> **Problem description**
Set down the entries below exactly; drop the pictures.

> **Caption-style text data**
╭──

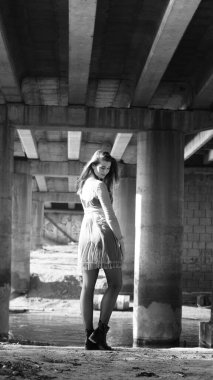 Bir sonbahar günü köprünün altında kameraya poz veren genç bir kadın. Siyah beyaz fotoğraf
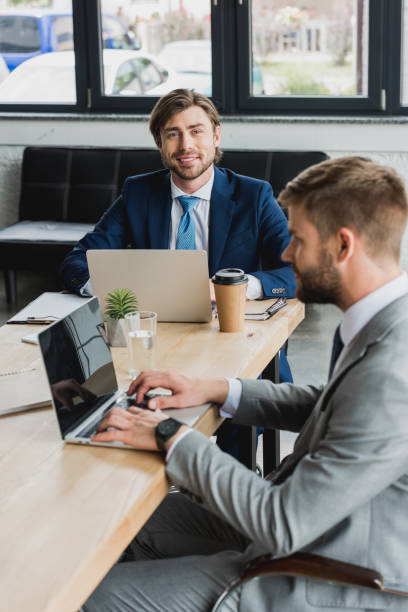 istock young businessmen in suits using laptops and working together in office 1028602386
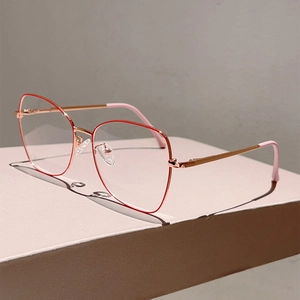 Detail of rose gold cat-eye metal frames and pink temple tips on a geometric stand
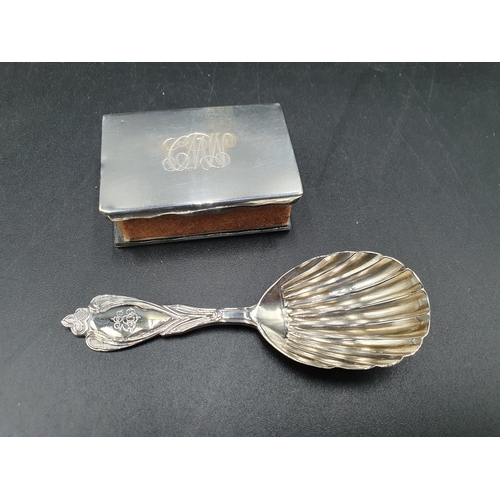 19 - A Victorian silver Caddy Spoon with shell bowl and ornate stem engraved initials, London 1868, and a... 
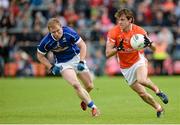 8 June 2014; Kevin Dyas, Armagh, in action against James McEnroe, Cavan. Ulster GAA Football Senior Championship, Quarter-Final, Armagh v Cavan, Athletic Grounds, Armagh. Picture credit: Oliver McVeigh / SPORTSFILE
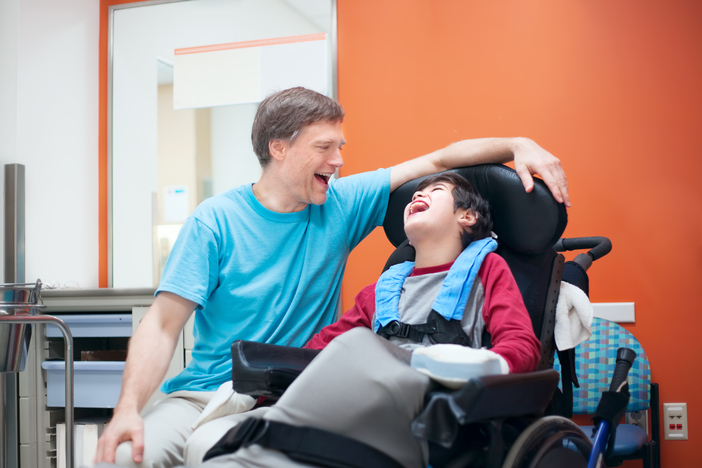 Young boy laughing while sitting in a wheelchair and father looking happily at him.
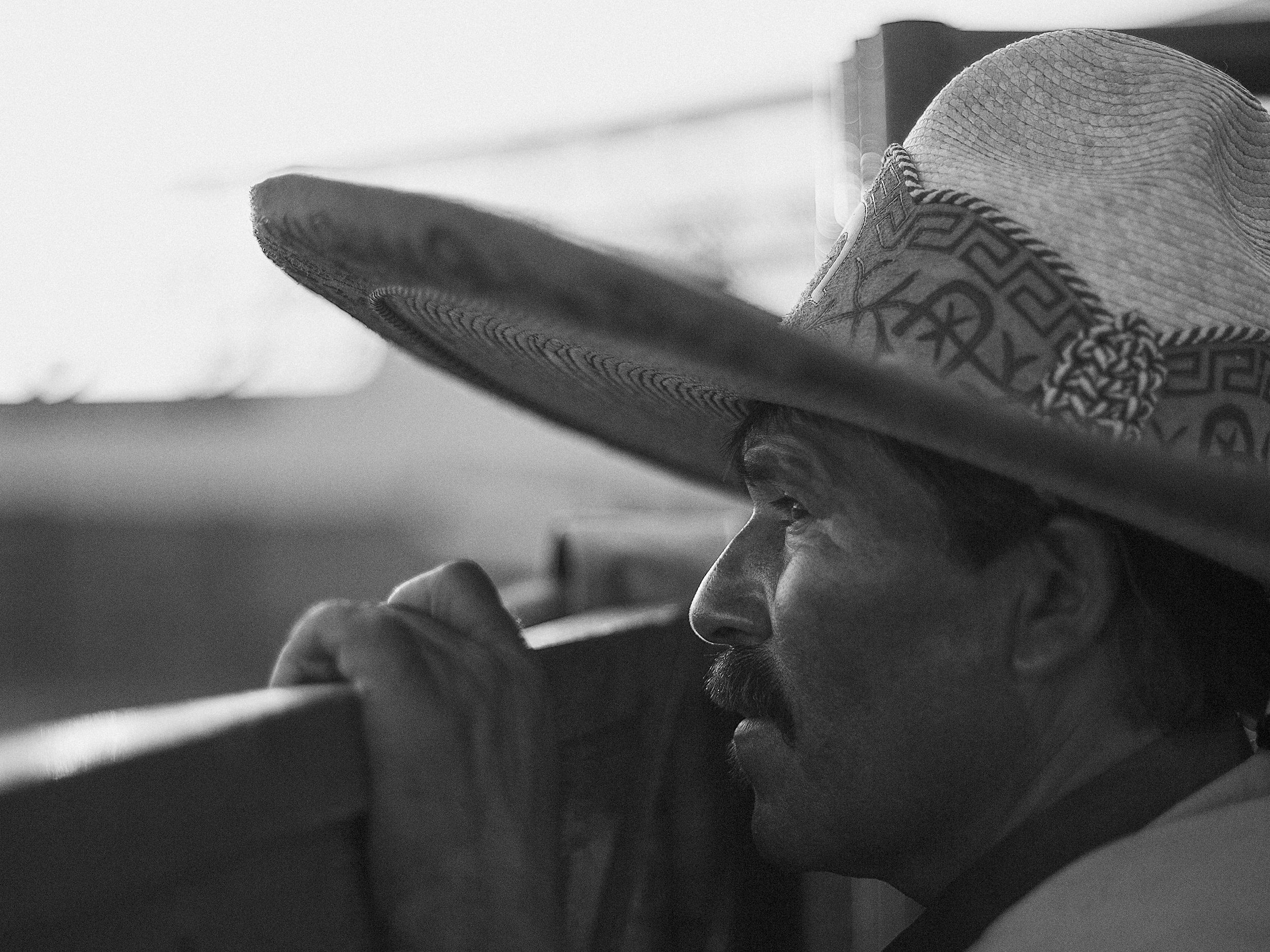 A portrait-heavy documentary frame showcasing the quiet gravity and raw likeness of the arena hands working the pens during a traditional rodeo in Mexico.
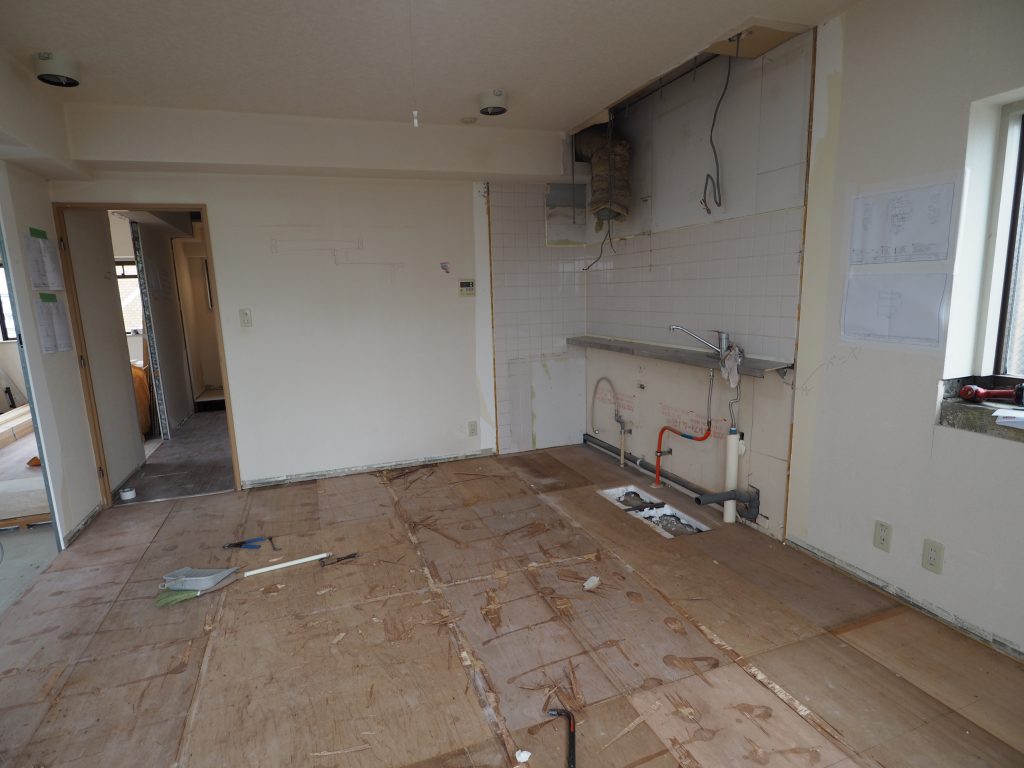 プレミール和光マンションリフォーム現場、リビングルームのキッチンを取外して、床を剝がしたのが写っています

╰──

> **Result for this task**
 Bir sonbahar günü köprünün altında kameraya poz veren genç bir kadın. Siyah beyaz fotoğraf
 istock young businessmen in suits using laptops and working together in office 1028602386
 Detail of rose gold cat-eye metal frames and pink temple tips on a geometric stand
 19 - A Victorian silver Caddy Spoon with shell bowl and ornate stem engraved initials, London 1868, and a... 
 8 June 2014; Kevin Dyas, Armagh, in action against James McEnroe, Cavan. Ulster GAA Football Senior Championship, Quarter-Final, Armagh v Cavan, Athletic Grounds, Armagh. Picture credit: Oliver McVeigh / SPORTSFILE
 Young boy laughing while sitting in a wheelchair and father looking happily at him.
 A portrait-heavy documentary frame showcasing the quiet gravity and raw likeness of the arena hands working the pens during a traditional rodeo in Mexico.
 プレミール和光マンションリフォーム現場、リビングルームのキッチンを取外して、床を剝がしたのが写っています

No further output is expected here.